Now that both the DNC and RNC are over and Labor Day is upon us we are now in the true presidential campaign season. We can now expect to see all of the classic logical fallacies, both formal and informal to be in full use. An unlike many past elections we can expect to see one party to use those logical fallacies more than the other. This is because one party, the Republican Party, has become totally addicted to them. Indeed we were not even to Labor Day and the GOP has used one of my favorite fallacies already.
I’m speaking, of course, of the fallacy known as the “False Equivalency”. This maybe the oldest of the informal logical fallacies known to man. It is certainly one we all learn to use at a very early age. It is often found keeping company with the logical impossibility of proving a negative as asking the challenger(s) to “prove that the statement is not an equivalent” is made. What needs to be done in all cases is to provide proof that the stated equivalencies does exist.
One of the reasons that the fallacy of false equivalence is so popular is that most people are never taught the difference between “equality” and ”equivalent”. This is a very hard concept to get across in programming and even harder in everyday life. Its misuse has lead to many a difficult bug to find because the code reads correctly even though it is not executed correctly. The same is true, in practice, in everyday life. It sounds right, even when it is wrong and it takes careful scrutiny of what one is saying to check it.

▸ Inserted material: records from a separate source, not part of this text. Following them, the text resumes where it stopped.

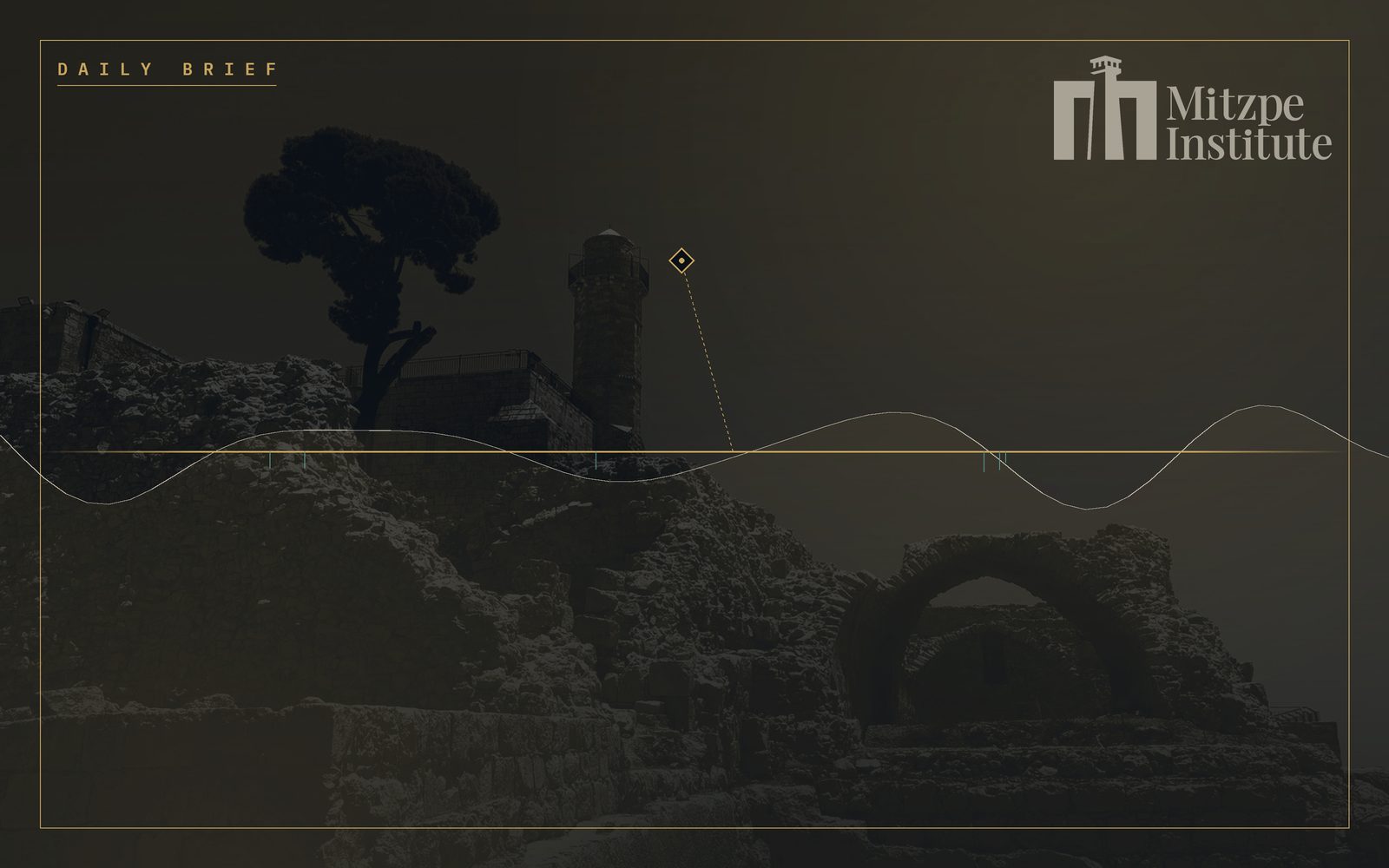Mitzpe Institute — Daily Brief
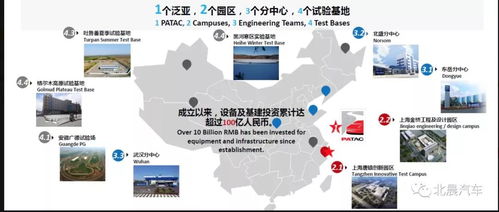 泛亞汽車技術中心扎根武漢，以軟件開發為引擎鍛造未來核心研發能力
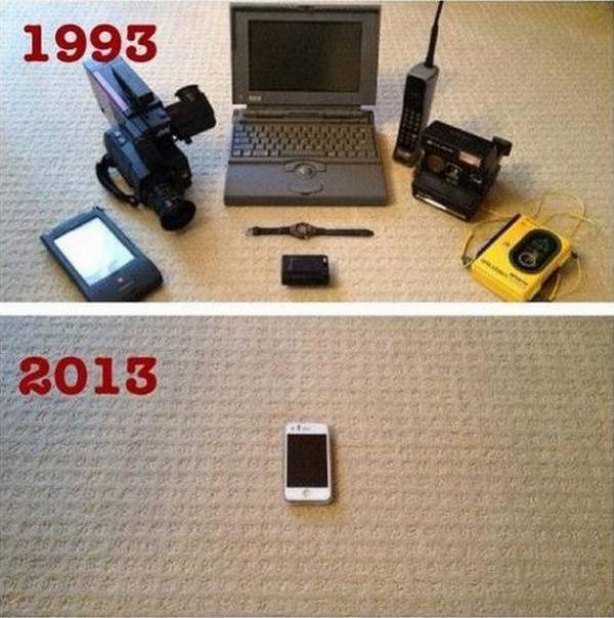 then vs now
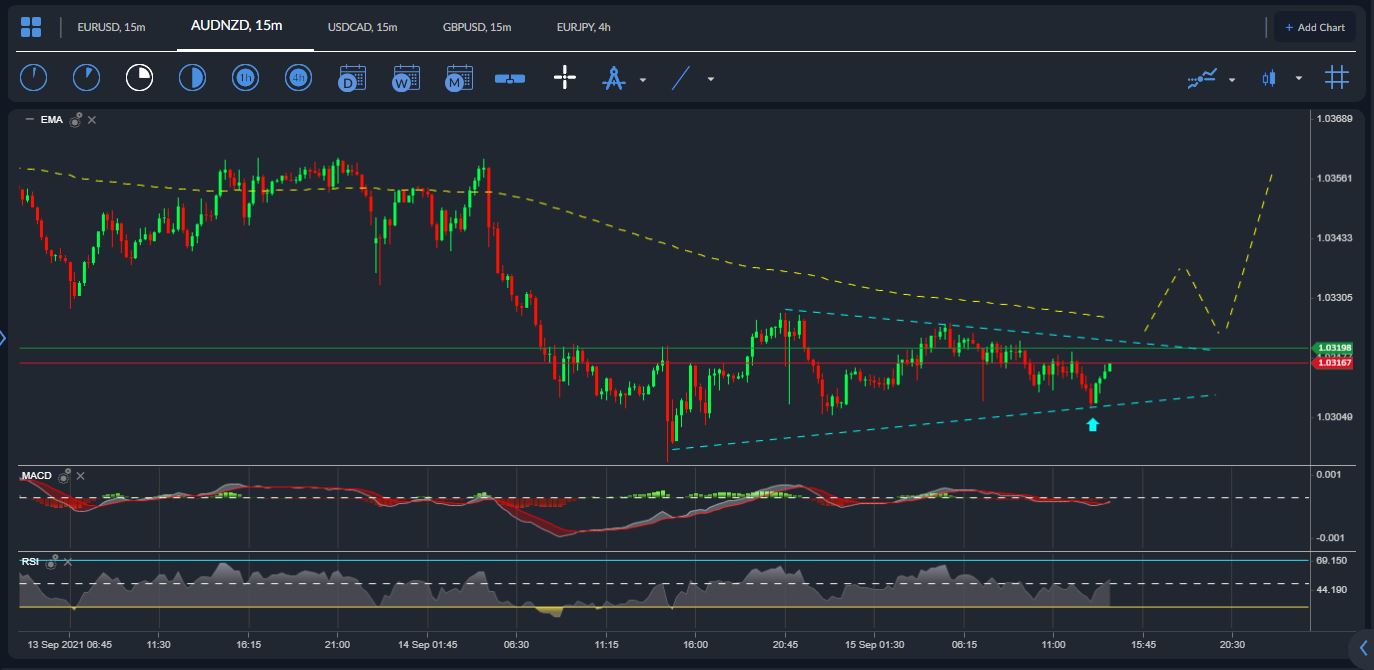 AUDNZD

In the common usage equal is used to mean a kind of identity, that two things are identical twins. No one would say that twins are the same thing. But for most things saying they are ‘identical’ is ok. But in many things it is not. That is why you have to be clear as to how, when, and where you are saying two thing are identical. That they are equal. That is why we say “All men are equal before the law”; we mean they will be treated the same. And that is why false equivalency is so bad.
When you say two things are equivalent and they aren’t, you will end up in the wrong place in your reasoning. And what is worse, the people who are listening to you will will also end up in the wrong place. When they try and use the equivalencies drawn to deal with an issue they will not get the results they expect. As an example, both methanol and ethanol are alcohol but if you try to make a Hi-Ball with methanol you’ll end up blind or dead instead of just drunk.
So beware when someone says “this is the same as that” in a political speech or debate. Examine what they say carefully and be sure in your own mind that they truly are equivalent in the case given. Beware of wanting to just accept what is said because it agrees with what you think or makes you feel good. Also don’t reject someone when they say “But that is a false equivalence”. Instead of rejecting ask them to explain why they think that. They just might be right.